• [Material provided]:

========================================

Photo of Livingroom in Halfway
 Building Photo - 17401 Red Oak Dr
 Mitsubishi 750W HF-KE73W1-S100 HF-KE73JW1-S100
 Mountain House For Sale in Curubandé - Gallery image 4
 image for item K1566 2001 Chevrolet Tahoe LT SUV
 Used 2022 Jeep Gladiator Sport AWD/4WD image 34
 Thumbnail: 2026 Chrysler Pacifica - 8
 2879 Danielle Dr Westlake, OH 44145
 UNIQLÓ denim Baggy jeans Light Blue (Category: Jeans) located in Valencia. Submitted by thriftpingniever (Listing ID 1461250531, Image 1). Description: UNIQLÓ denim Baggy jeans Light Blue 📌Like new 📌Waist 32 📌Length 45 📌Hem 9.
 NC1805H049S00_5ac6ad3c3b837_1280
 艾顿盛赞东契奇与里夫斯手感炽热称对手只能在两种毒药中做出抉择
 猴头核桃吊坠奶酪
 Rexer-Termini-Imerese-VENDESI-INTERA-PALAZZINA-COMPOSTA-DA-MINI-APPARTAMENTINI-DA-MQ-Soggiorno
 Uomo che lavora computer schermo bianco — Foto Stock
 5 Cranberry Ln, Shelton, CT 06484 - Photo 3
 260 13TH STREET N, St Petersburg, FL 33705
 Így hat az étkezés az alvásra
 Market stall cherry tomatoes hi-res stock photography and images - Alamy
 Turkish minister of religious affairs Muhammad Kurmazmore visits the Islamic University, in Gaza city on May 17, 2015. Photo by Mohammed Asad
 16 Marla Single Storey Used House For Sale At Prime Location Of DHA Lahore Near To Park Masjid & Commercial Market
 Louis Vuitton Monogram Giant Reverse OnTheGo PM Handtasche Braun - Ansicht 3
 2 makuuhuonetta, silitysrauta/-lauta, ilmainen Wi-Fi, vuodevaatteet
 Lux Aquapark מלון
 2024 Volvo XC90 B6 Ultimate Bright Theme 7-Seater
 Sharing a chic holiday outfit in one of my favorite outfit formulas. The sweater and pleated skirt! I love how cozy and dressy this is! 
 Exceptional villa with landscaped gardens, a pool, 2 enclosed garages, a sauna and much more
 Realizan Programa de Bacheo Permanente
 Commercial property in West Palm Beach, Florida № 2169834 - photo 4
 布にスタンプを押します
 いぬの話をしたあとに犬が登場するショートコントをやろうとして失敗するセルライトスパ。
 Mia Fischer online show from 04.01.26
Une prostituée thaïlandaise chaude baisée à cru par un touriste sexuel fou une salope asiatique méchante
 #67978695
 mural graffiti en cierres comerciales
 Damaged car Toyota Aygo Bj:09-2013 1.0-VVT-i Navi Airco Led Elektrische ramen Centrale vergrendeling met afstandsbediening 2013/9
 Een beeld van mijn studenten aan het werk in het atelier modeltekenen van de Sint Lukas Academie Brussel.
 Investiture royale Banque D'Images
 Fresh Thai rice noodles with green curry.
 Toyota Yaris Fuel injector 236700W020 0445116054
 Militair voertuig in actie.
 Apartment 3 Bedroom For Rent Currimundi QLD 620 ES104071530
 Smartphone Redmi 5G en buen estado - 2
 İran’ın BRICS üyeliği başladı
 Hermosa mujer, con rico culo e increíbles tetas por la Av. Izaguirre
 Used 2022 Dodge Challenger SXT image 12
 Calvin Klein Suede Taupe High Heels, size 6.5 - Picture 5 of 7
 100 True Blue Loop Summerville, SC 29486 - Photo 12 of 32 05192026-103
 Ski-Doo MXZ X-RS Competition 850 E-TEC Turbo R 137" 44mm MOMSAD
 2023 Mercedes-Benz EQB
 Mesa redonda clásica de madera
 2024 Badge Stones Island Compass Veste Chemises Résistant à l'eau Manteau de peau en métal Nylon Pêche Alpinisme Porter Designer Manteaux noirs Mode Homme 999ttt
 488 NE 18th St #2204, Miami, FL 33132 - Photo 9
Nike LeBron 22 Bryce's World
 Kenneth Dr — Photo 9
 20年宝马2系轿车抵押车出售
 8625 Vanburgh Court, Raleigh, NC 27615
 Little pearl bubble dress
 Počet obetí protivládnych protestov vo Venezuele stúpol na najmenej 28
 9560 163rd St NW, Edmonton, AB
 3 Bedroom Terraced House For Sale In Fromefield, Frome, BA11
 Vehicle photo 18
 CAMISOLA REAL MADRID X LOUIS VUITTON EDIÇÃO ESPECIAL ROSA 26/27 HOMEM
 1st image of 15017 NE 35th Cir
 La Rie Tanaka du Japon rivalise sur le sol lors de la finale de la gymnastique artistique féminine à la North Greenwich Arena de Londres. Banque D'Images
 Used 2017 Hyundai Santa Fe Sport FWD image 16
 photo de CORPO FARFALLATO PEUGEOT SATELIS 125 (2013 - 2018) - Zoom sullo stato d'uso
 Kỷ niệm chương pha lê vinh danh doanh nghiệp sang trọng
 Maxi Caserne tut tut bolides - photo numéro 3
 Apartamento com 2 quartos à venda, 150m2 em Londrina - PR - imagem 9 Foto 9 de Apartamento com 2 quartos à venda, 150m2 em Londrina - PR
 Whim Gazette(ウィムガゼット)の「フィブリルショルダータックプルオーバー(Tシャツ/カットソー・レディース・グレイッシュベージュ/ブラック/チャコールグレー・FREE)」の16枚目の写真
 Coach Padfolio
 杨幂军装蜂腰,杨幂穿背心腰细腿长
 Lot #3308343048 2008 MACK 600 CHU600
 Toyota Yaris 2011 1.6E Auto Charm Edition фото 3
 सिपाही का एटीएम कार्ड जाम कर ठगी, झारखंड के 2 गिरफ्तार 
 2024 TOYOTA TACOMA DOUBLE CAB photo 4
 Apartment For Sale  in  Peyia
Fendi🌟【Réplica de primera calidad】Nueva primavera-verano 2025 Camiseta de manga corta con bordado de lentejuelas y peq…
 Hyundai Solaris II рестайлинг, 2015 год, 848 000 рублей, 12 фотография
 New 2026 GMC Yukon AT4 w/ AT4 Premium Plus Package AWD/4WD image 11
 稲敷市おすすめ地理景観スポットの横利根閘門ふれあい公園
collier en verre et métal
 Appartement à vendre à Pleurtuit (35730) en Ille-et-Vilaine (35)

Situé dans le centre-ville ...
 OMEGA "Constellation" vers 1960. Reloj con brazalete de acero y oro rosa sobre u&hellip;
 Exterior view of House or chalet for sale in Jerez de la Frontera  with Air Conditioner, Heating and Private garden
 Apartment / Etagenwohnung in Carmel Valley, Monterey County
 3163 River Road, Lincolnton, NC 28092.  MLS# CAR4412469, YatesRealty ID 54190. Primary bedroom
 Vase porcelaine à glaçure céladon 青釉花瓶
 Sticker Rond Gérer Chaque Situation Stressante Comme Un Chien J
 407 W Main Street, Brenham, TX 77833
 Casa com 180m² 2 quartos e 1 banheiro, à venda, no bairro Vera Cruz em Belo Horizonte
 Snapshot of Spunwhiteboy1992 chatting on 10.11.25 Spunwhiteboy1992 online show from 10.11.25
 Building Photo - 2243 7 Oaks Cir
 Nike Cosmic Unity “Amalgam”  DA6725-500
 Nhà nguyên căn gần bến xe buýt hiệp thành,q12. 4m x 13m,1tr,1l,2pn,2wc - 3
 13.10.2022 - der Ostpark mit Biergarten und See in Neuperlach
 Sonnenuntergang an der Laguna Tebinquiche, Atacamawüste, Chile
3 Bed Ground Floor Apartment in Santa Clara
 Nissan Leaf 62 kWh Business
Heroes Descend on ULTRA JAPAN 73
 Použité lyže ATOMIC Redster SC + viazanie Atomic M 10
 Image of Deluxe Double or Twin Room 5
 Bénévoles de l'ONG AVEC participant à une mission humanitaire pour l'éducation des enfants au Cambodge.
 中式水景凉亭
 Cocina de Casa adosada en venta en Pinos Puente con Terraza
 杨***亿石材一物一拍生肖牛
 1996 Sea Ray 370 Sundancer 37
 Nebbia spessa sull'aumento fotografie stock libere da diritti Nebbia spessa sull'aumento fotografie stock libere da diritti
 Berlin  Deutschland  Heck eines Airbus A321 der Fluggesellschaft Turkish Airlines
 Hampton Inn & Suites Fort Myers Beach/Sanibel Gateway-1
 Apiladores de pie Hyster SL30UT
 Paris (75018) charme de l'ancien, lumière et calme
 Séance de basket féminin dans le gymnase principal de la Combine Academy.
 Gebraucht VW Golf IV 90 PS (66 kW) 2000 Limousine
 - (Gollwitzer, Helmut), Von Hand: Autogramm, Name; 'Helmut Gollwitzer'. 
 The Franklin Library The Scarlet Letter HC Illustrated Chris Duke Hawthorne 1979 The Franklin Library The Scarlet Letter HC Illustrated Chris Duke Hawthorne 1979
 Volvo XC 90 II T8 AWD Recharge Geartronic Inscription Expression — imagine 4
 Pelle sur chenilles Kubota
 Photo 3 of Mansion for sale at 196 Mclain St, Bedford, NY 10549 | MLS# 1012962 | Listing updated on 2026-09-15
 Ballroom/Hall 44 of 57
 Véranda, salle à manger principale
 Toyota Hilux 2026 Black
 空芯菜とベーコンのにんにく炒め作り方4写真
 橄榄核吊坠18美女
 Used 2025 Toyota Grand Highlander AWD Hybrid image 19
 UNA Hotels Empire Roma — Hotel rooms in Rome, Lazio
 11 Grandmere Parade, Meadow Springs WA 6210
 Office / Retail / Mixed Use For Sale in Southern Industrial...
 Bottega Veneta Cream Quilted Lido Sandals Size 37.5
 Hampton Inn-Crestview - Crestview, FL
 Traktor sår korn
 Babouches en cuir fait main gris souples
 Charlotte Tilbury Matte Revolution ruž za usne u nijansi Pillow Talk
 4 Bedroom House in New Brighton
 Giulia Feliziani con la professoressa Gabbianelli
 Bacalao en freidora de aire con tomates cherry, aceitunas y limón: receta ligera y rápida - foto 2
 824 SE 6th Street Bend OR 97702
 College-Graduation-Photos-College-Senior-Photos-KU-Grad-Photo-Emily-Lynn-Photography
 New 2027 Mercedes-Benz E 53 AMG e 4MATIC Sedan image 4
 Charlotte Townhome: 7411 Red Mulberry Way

========================================

• [Task goal]: Nothing but the lines above from the one containing "Babouches en cuir fait main gris souples" through the one containing "New 2027 Mercedes-Benz" should appear in the answer, each repeated exactly.

• [Expected answer]:
 Babouches en cuir fait main gris souples
 Charlotte Tilbury Matte Revolution ruž za usne u nijansi Pillow Talk
 4 Bedroom House in New Brighton
 Giulia Feliziani con la professoressa Gabbianelli
 Bacalao en freidora de aire con tomates cherry, aceitunas y limón: receta ligera y rápida - foto 2
 824 SE 6th Street Bend OR 97702
 College-Graduation-Photos-College-Senior-Photos-KU-Grad-Photo-Emily-Lynn-Photography
 New 2027 Mercedes-Benz E 53 AMG e 4MATIC Sedan image 4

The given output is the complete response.